Pelos dados do BC, em 2009 o saldo das carteiras de microcrédito (consumo, produtivo e consignado) esbarrava no R$ 1,8 bilhão, uma fatia irrisória do crédito total no país – R$ 1,4 trilhão.
Os correspondentes são a via que poderia diminuir essa distância, como já mostraram as grandes redes de varejo, que passaram a atuar no financiamento ao consumo e se especializar em dar crédito aos mais pobres muito antes dos bancos. Gonzales lembra do caso do Banco ibi, que nasceu dentro da rede C&A. Quando adquirido pelo Bradesco, em 2009, 40% dos 11 milhões de clientes titulares de cartões não tinham conta em banco.
Em todo o país, de 2004 para cá, 10 milhões de contas simplificadas foram abertas pelos bancos. Mas, ao fim de 2009, apenas 5,7 milhões delas estavam ativas. Ou seja, quase metade simplesmente ficou esquecida pelos clientes. As contas de poupança ativas limitavam-se a 16,8 mil. Já o número de clientes que efetivamente têm operações de microcrédito não passa de 800 mil, calcula Diniz.

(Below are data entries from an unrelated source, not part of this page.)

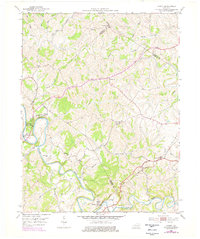 Cowan 1952 topographic map thumbnail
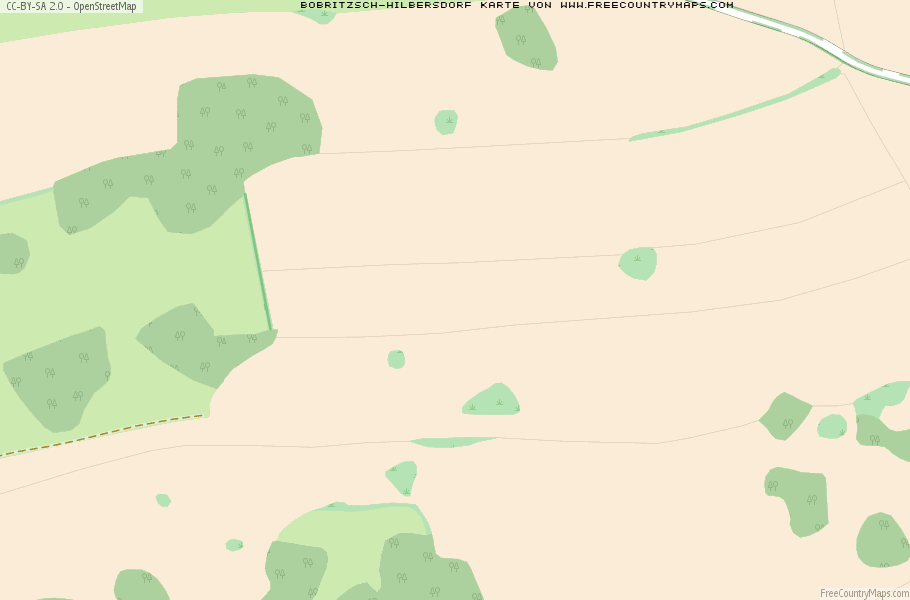 Karte Von Bobritzsch-Hilbersdorf Deutschland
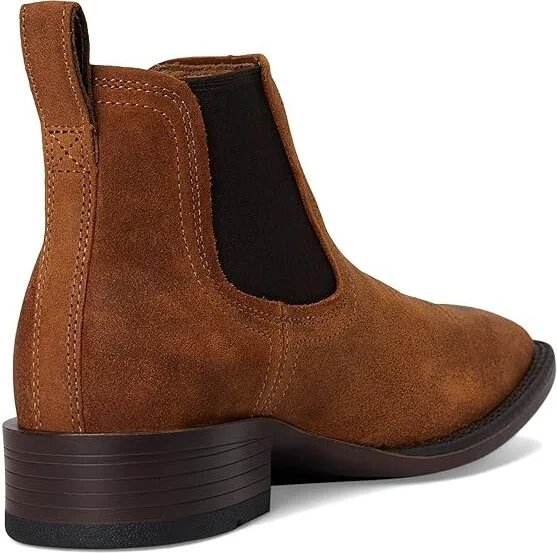 Ariat Booker Ultra Western Boots Men's Shoes Bar Top Brown : 7 EE - Wide, Leather - Image 4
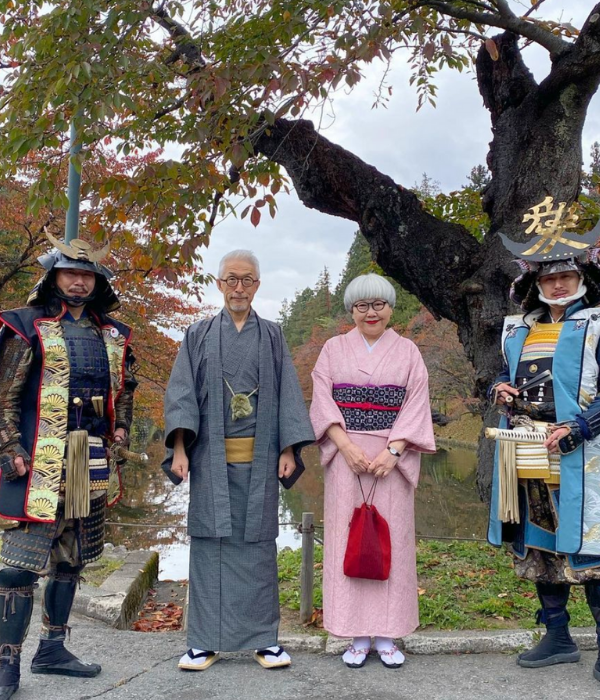 Meet a Japanese Couple Who've Been Married for 43 Years and Always Dress in Matching  Outfits / Bright Side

Para os pesquisadores da FGV, falta aos bancos beber na fonte do microcrédito produtivo, que coloca em campo agentes de crédito para entender as necessidades dos microempreendedores. Os comerciantes que atuam como correspondentes poderiam exercer papel semelhante para os bancos.
Diniz ainda cita o formato do Lemon Bank, que antes de fechar as portas e passar sua rede de correspondentes para o Banco do Brasil, em 2009, provou ser possível distribuir produtos financeiros para a baixa renda sem ter agências físicas e até ensaiou a criação de um cadastro positivo, a partir da autenticação de boletos. Em sete anos, conquistou 5 milhões de clientes. A pouca experiência no crédito foi, porém, um dos fatores apontados para seu fim precoce.